• [What you should do]: One number is all that is asked for: the number of lines below that hold the string "with".

Caption-style text data
|---|

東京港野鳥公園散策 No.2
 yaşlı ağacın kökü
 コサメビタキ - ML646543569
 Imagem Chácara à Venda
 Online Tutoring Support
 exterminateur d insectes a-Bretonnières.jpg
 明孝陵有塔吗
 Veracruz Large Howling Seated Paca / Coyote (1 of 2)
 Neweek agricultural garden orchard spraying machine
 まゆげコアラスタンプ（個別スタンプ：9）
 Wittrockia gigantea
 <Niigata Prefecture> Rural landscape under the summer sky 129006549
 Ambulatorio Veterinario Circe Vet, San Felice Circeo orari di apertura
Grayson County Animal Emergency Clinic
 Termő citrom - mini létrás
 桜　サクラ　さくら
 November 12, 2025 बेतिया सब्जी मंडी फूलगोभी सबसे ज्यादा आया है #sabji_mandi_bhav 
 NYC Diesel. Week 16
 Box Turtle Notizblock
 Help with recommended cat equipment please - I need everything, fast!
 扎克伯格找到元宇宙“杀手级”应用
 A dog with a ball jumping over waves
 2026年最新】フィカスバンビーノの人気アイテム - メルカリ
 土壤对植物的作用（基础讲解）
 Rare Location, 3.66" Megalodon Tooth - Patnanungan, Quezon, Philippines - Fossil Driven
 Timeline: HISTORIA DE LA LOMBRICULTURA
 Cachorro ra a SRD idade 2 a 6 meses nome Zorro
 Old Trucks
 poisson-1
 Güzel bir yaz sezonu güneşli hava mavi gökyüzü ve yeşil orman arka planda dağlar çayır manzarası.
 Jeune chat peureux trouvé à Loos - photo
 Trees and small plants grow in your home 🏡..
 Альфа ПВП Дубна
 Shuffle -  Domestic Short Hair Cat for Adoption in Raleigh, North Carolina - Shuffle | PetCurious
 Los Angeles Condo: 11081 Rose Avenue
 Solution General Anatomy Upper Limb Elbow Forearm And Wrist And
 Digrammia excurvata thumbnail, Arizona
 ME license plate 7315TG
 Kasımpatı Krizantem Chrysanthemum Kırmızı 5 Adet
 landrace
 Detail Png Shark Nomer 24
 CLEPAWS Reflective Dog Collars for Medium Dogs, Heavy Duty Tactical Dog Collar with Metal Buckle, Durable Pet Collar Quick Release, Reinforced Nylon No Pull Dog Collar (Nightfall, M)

|---|

• [Expected answer]: 3